◆ **Data under study**:
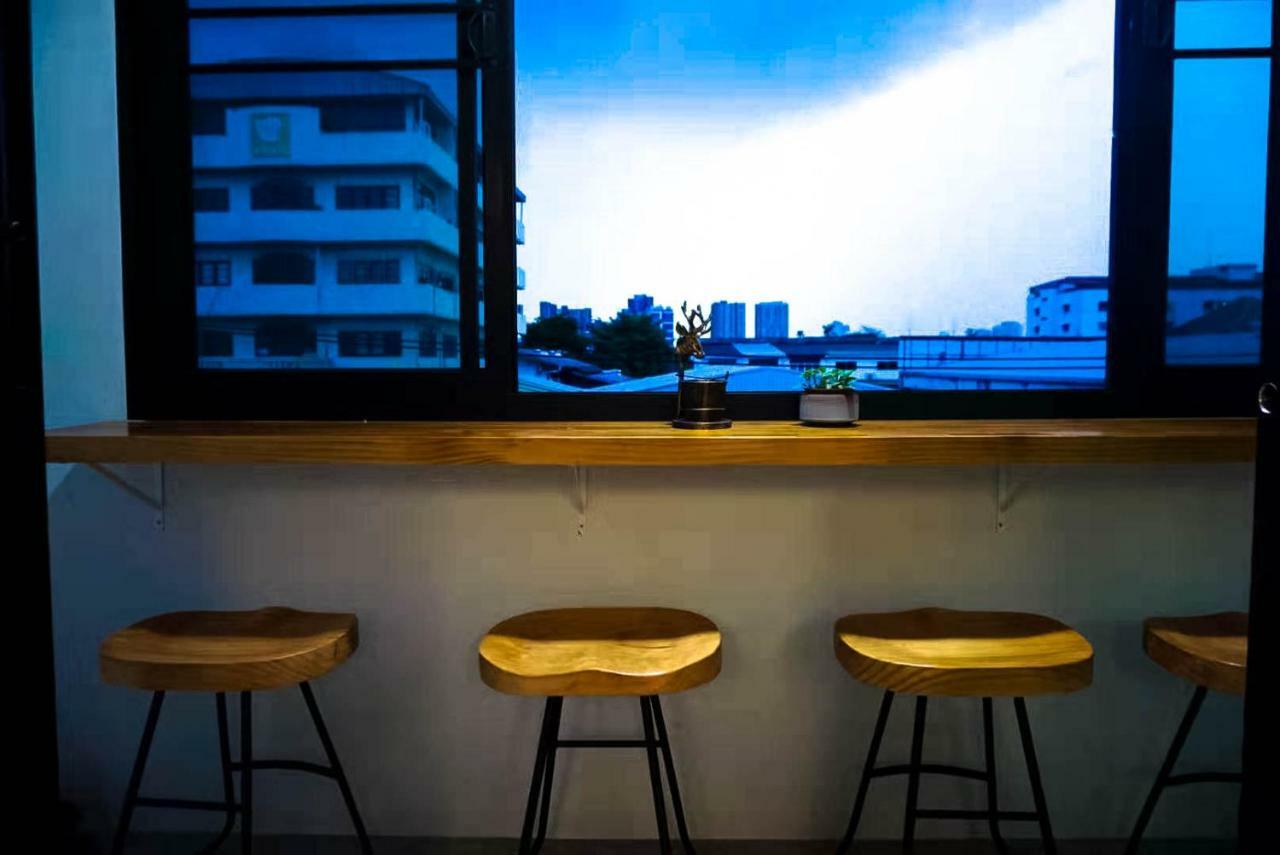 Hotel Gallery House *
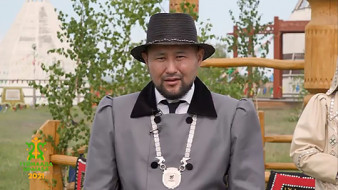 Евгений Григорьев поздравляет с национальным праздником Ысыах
==
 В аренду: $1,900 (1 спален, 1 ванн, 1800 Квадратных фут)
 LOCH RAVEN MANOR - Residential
---
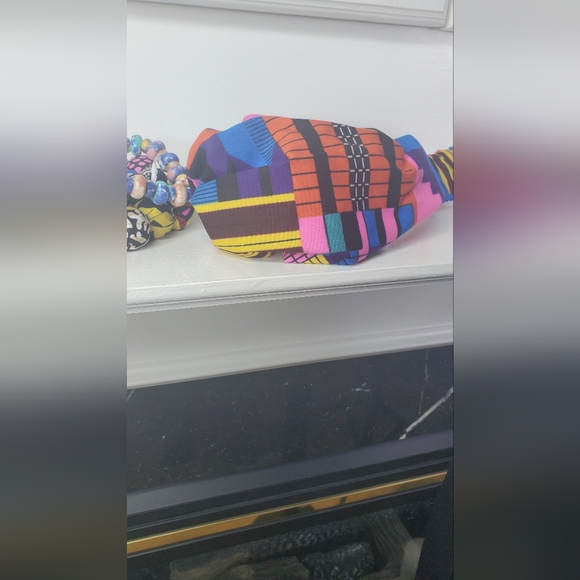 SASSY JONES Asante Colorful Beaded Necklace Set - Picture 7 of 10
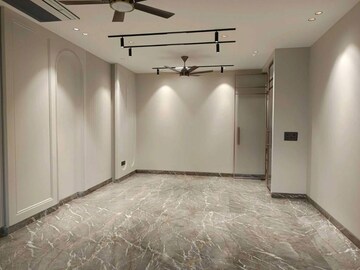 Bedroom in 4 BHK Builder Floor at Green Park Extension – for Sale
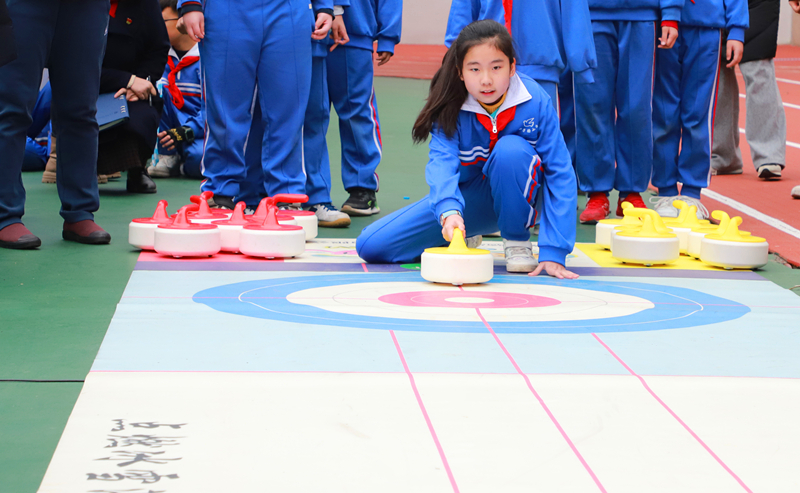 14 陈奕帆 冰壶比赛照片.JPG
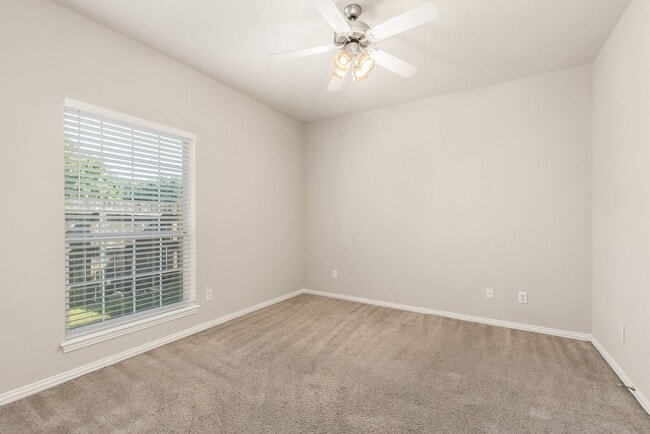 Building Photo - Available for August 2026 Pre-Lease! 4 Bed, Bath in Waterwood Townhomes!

◆ **Work order**: Using the listing above, restate exactly the range between the lines holding "Hotel Gallery House *" and "Евгений Григорьев поздравляет", inclusive, with pictures left out.

◆ **Response below**:
 Hotel Gallery House *
 Евгений Григорьев поздравляет с национальным праздником Ысыах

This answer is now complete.